Task inputs Block Start

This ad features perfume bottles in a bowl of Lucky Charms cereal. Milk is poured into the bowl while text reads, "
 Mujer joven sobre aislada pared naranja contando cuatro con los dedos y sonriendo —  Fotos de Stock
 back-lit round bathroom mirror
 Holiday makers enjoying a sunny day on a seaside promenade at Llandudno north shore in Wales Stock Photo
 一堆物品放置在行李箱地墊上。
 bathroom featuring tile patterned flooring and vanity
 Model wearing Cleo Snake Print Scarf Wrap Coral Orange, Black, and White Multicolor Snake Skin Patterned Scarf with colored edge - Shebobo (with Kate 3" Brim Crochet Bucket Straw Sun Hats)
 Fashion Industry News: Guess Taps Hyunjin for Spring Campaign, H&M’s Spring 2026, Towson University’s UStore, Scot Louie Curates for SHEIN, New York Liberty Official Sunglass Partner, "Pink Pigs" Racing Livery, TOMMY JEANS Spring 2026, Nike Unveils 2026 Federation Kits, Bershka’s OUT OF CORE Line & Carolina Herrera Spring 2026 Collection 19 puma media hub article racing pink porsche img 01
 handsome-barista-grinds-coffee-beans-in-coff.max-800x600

Task inputs Block End

Among the entries above, how many lines hold the string "bathroom"? Answer with the bare number.

2